--- PROVIDED DATA ---

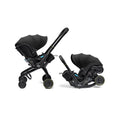 Doona X Infant Car Seat & Stroller Black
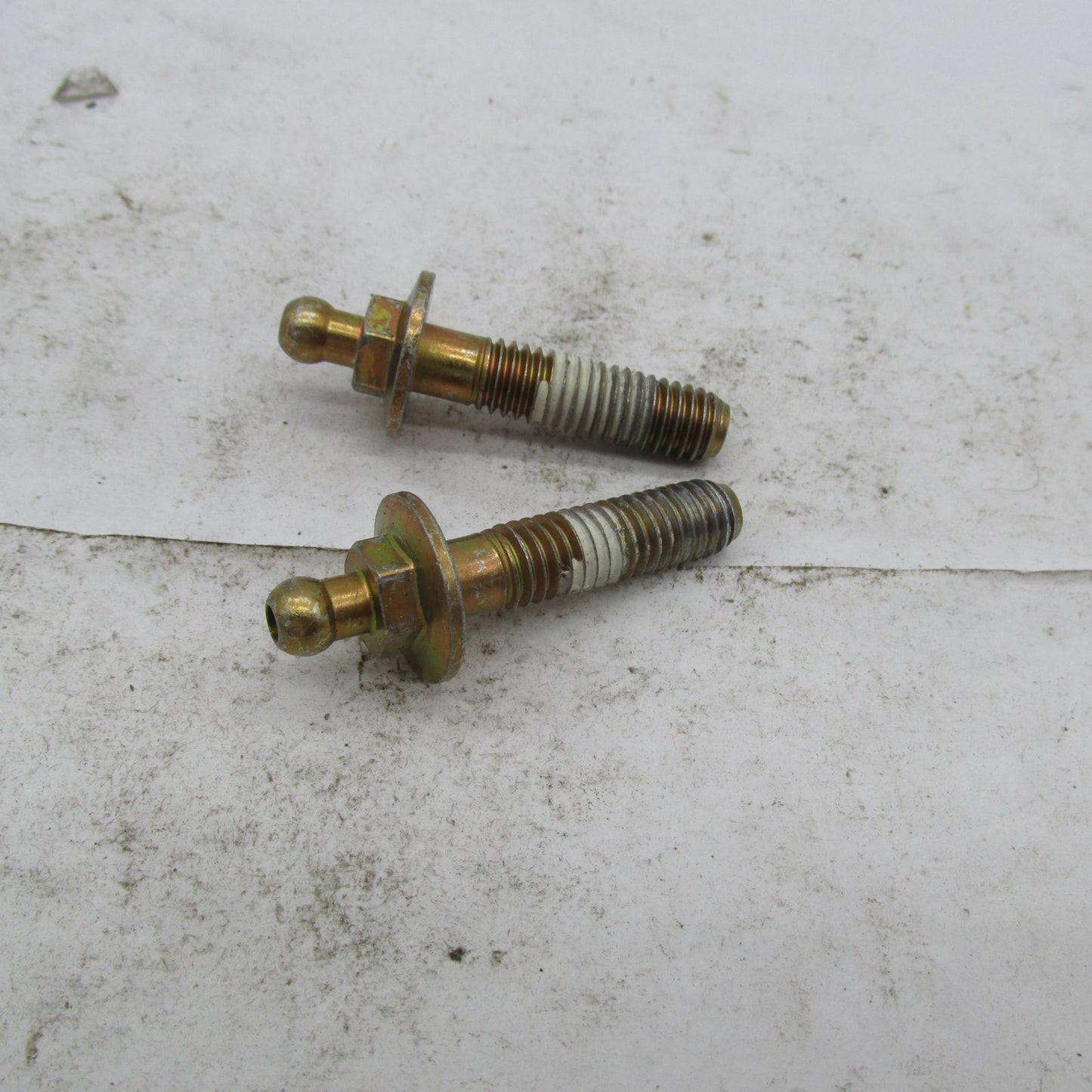 Lot of 2 Harley Davidson OEM Air Cleaner Breather Bolts 29465-08A
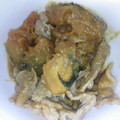 h_anabi's cooksnap of when they made ほっくほくかぼちゃの煮物♡.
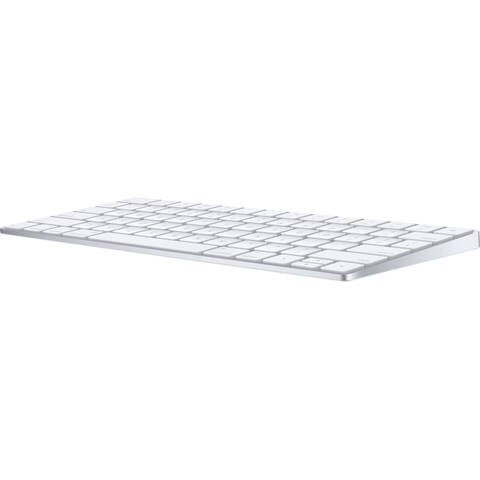 Magic Wireless Keyboard by Apple, Silver - MLA22LL/A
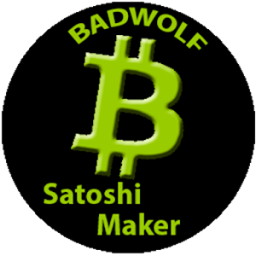 ikon Satoshi Maker - Free Bitcoin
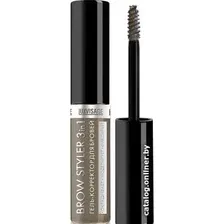 Гель для бровей Lux Visage Brow Styler (тон 01)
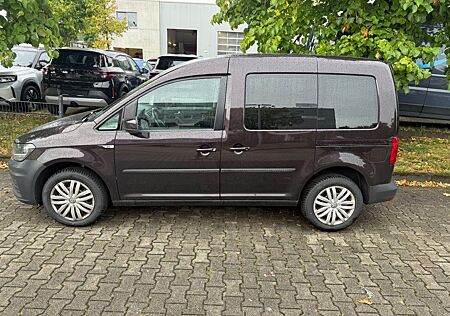 VW Caddy Volkswagen 2,0TDI 110kW BMT DSG Trendline 5-Sitze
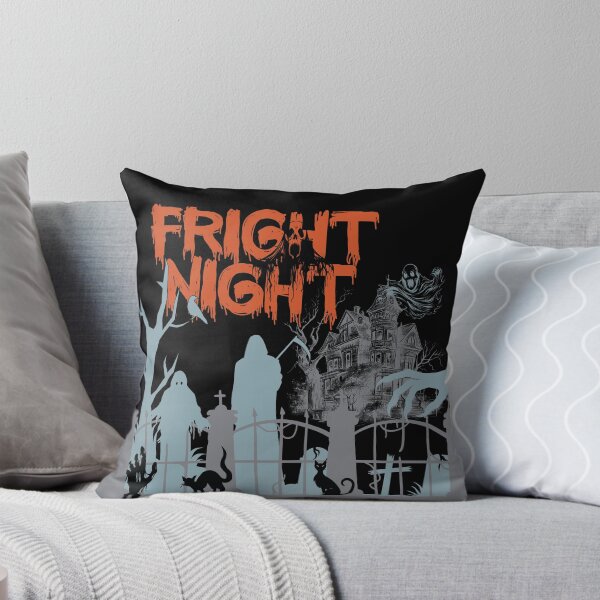 Item preview, Fright Night Halloween designed and sold by HappyHavenStu.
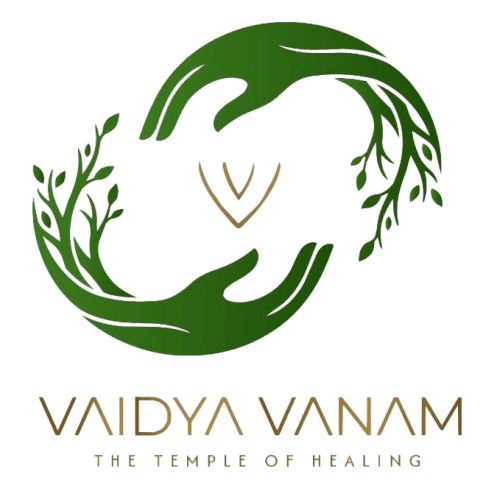 Vaidya Vanam Logo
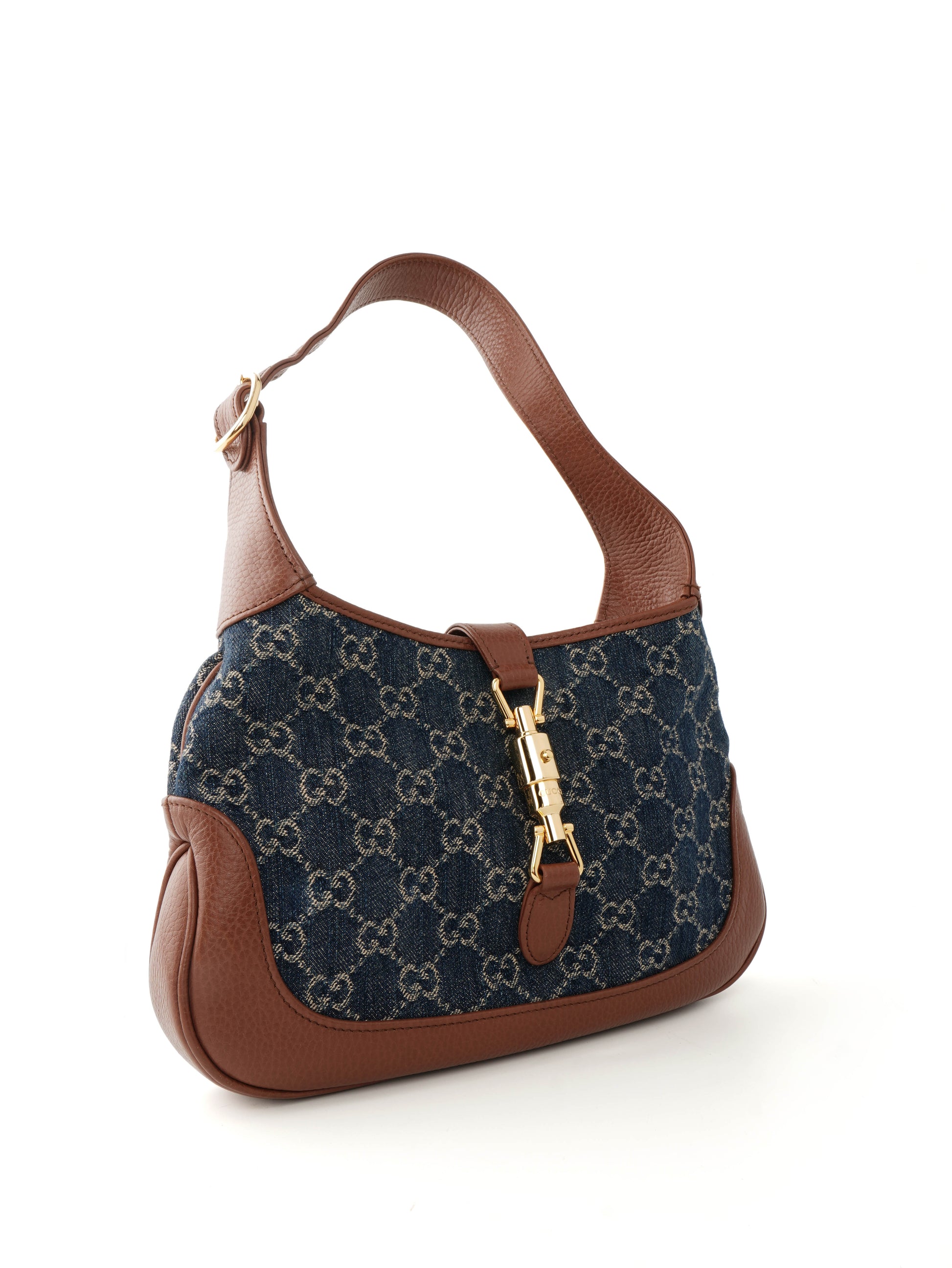 Gucci Jackie Hobo 1961 Small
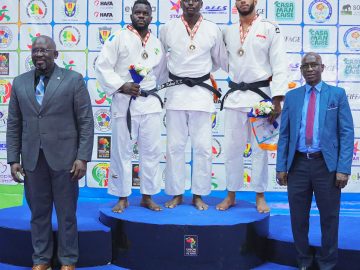 judo open de dakar koffi krémé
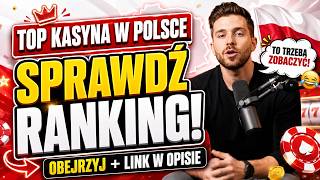 🎰Najlepsze Kasyno Online w Polsce 2026 🦅 Ranking i Porównanie🔍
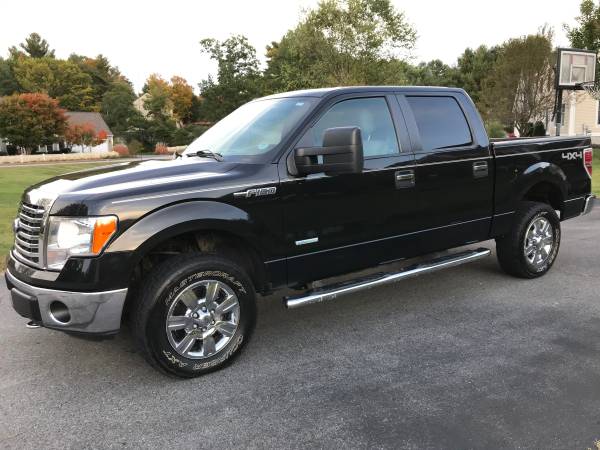 2012 Ford F-150 SuperCrew - Must See!!! for sale in Windham, ME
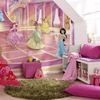 Mural Fotográfico Glitze Party Princess Rosa 368x254 Cm Komar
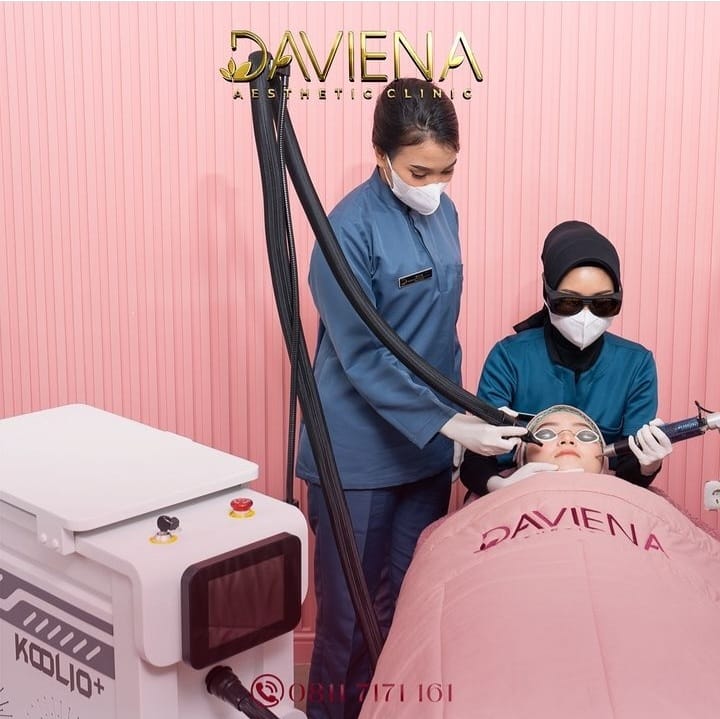 Buruan, Ada Diskon Hingga 50 Persen di Daviena Aesthetic Clinic Sampai 3 Maret 2024, Yuk Cek List Treatment!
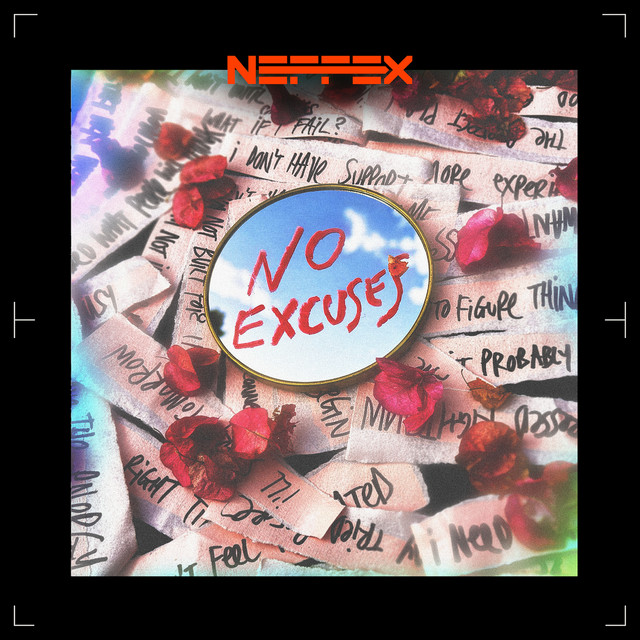 کاور آهنگ NO EXCUSES از NEFFEX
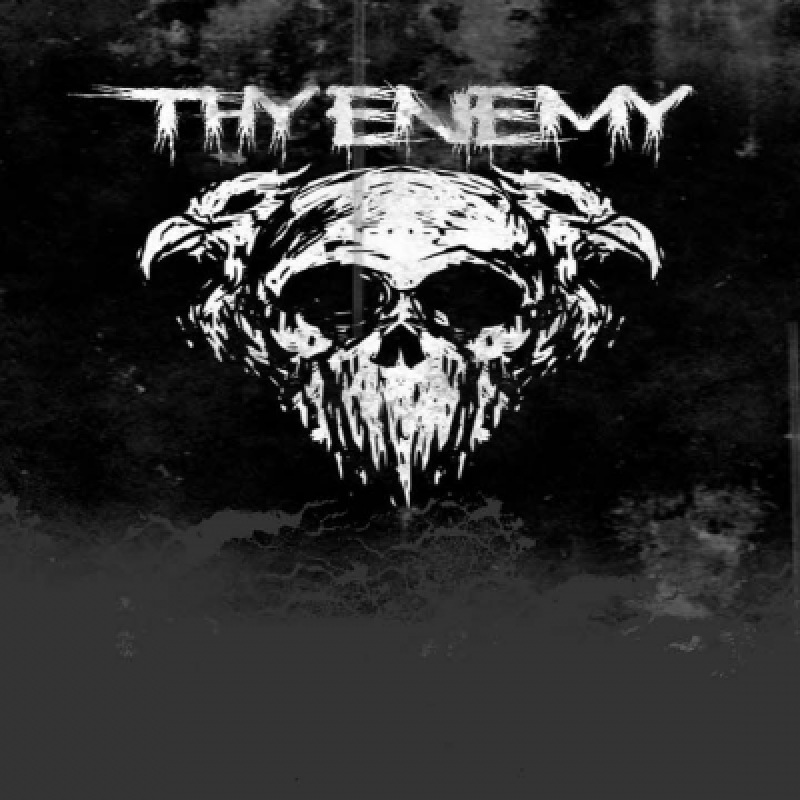 Thy Enemy - Vacant Eyes - Streaming At The Rawk Dawg Show!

---

ASSIGNMENT
Reproduce precisely the lines of the entries above, from the one containing "h_anabi's cooksnap of" through the final one, both ends included, and omit the pictures.

TASK ANSWER
 h_anabi's cooksnap of when they made ほっくほくかぼちゃの煮物♡.
 Magic Wireless Keyboard by Apple, Silver - MLA22LL/A
 ikon Satoshi Maker - Free Bitcoin
 Гель для бровей Lux Visage Brow Styler (тон 01)
 VW Caddy Volkswagen 2,0TDI 110kW BMT DSG Trendline 5-Sitze
 Item preview, Fright Night Halloween designed and sold by HappyHavenStu.
 Vaidya Vanam Logo
 Gucci Jackie Hobo 1961 Small
 judo open de dakar koffi krémé
 🎰Najlepsze Kasyno Online w Polsce 2026 🦅 Ranking i Porównanie🔍
 2012 Ford F-150 SuperCrew - Must See!!! for sale in Windham, ME
 Mural Fotográfico Glitze Party Princess Rosa 368x254 Cm Komar
 Buruan, Ada Diskon Hingga 50 Persen di Daviena Aesthetic Clinic Sampai 3 Maret 2024, Yuk Cek List Treatment!
 کاور آهنگ NO EXCUSES از NEFFEX
 Thy Enemy - Vacant Eyes - Streaming At The Rawk Dawg Show!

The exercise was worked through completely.